Defense: I’m also unconvinced by people who argue guard defense is inconsequential enough to not be meaningful here (we saw a bit of this in the Stockton discussion). Just as a ballpark approximate, let’s look at defensive PIPM. There’s uncertainties in PIPM, there’s uncertainties in dividing offensive and defensive value, but it’s a good ballpark estimate.
Paul’s 5-year defensive PIPM peak is ~ +1.75. Compare that to Nash who’s ~ -1.15, and you get a +2.9 swing in favor of Paul. That’s a *massive* swing, ~75% of Nash’s overall 5-year peak value. Not that Paul is competing with Nash here — it’s just to illustrate the point.
Compare that to NBA Dr J, who has a 5-year (box estimate) defensive PIPM peak of ~ +1.4 (0.35 worse than Paul), or to Durant, who had a 5-year defensive PIPM peak of +0.55 (1.2 worse than Paul). This is not to say that Paul is clearly the better defenders than those two in the abstract or when accounting for per-game value in the playoffs or in terms of goodness. But it does suggest all-time Guard level defense can approach and possibly surpass… much less than all-time level forward defense.

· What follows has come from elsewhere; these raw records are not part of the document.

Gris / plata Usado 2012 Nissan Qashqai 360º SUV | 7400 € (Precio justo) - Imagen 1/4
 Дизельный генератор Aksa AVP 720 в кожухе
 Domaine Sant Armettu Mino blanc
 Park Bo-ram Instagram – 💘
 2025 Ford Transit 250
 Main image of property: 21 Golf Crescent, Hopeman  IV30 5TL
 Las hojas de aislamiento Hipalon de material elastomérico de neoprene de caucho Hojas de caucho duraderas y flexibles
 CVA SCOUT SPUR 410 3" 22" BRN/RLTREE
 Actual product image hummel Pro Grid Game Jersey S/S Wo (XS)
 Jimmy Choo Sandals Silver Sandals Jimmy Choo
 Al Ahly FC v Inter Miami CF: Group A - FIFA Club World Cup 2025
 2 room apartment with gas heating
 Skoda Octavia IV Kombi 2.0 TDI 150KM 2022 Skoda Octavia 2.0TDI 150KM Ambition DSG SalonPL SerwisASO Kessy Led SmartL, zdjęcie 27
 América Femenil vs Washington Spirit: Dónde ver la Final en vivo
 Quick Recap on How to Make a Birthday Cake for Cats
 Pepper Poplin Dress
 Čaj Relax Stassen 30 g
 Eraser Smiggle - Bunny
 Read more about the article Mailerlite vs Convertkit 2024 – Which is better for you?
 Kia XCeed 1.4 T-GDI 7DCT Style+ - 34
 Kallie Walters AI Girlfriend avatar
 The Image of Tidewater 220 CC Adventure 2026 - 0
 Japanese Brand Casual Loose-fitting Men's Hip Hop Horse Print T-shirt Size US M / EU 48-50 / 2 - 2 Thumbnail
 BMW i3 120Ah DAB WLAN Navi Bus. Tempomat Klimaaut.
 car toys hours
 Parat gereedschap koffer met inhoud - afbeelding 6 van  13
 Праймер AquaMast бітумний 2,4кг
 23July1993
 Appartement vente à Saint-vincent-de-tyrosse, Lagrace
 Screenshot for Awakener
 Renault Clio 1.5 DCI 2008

Longevity: Dr J has better longevity over Paul and Durant as well (though we’ll see how it looks by the end of their career, as Paul is catching up). Dr J currently has 29 more regular season games than Paul -- not much, but it's more if we consider it era-relative -- and started off quicker than Paul.
But Paul has more longevity than Durant: he's played Paul has 23% more regular season games, and 20% more seasons!. Thinking Basketball has provided highly compelling evidence that longevity is underrated from a career value perspective.
For this project, I’ve been slightly more peak/prime-heavy than Thinking Basketball’s more longevity-focused approach. My criteria has usually been to focus on career value, but I’ve also tried to incorporate career goodness. Perhaps I haven’t always been perfectly consistent about how to blend these two goals, particularly in the case when career impact and goodness differ strongly. Who do you take when a player’s impact and goodness diverge slightly? Dirk’s longevity afforded him more career value in my estimation, but Robinson’s goodness surpassed Dirk’s in my estimation. It requires some amount of a judgement call, if I am going to incorporate career goodness into my criteria (either in how much I weigh the two criteria, or how I evaluate each player’s goodness separate from their impact). In the end, I see the longevity advantage helping push Paul over Durant and the consistency during his prime helping push Paul over Dr J.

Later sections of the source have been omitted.